DATA FOR REVIEW
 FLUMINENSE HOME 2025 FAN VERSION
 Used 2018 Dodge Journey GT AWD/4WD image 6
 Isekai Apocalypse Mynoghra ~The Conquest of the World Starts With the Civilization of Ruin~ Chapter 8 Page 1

...

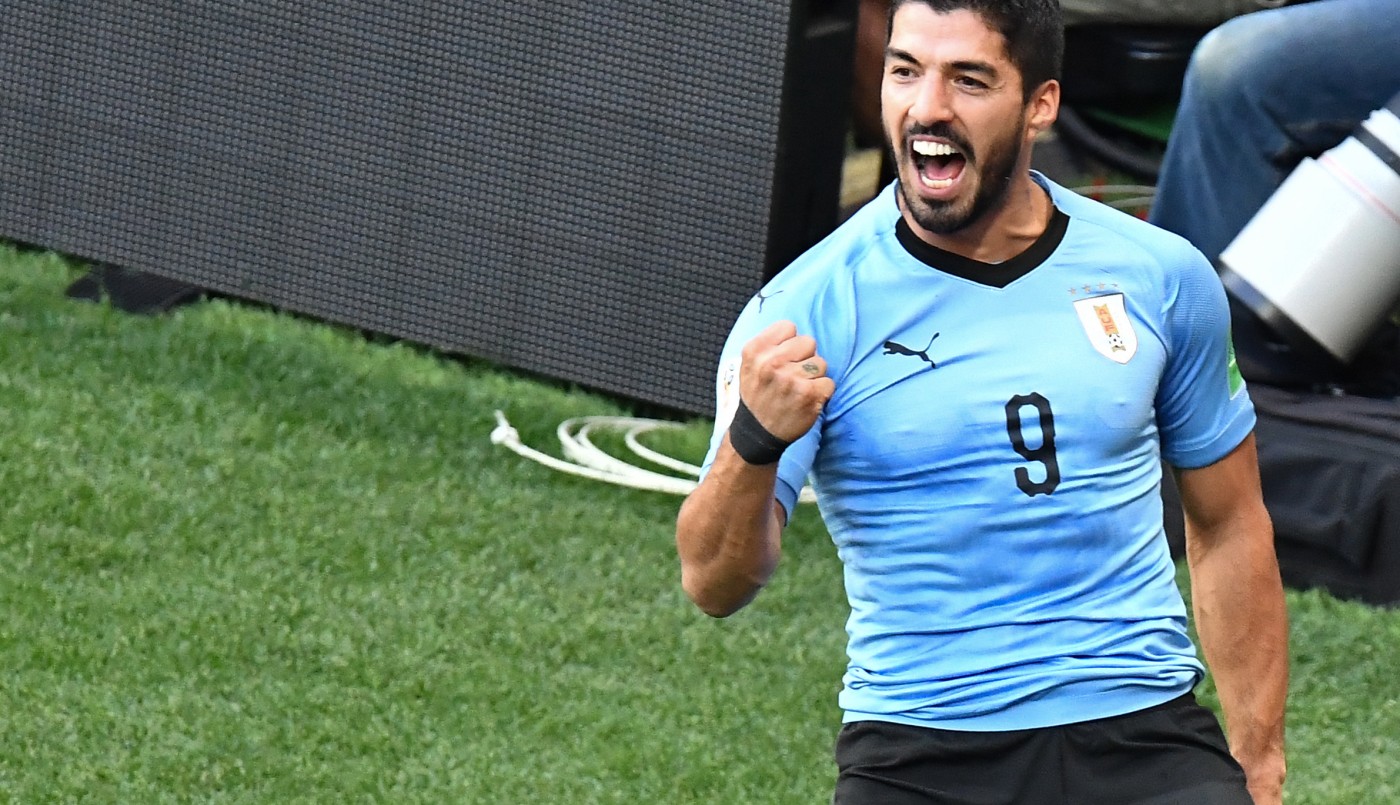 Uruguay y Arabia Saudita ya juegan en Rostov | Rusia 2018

ABOUT THIS EXERCISE
Copy out each line of the data above, exactly, if it lies between the line holding "Used 2018 Dodge Journey GT AWD/4WD image 6" and the line holding "Isekai Apocalypse Mynoghra", inclusive; copy no other line.

TASK OUTPUT
 Used 2018 Dodge Journey GT AWD/4WD image 6
 Isekai Apocalypse Mynoghra ~The Conquest of the World Starts With the Civilization of Ruin~ Chapter 8 Page 1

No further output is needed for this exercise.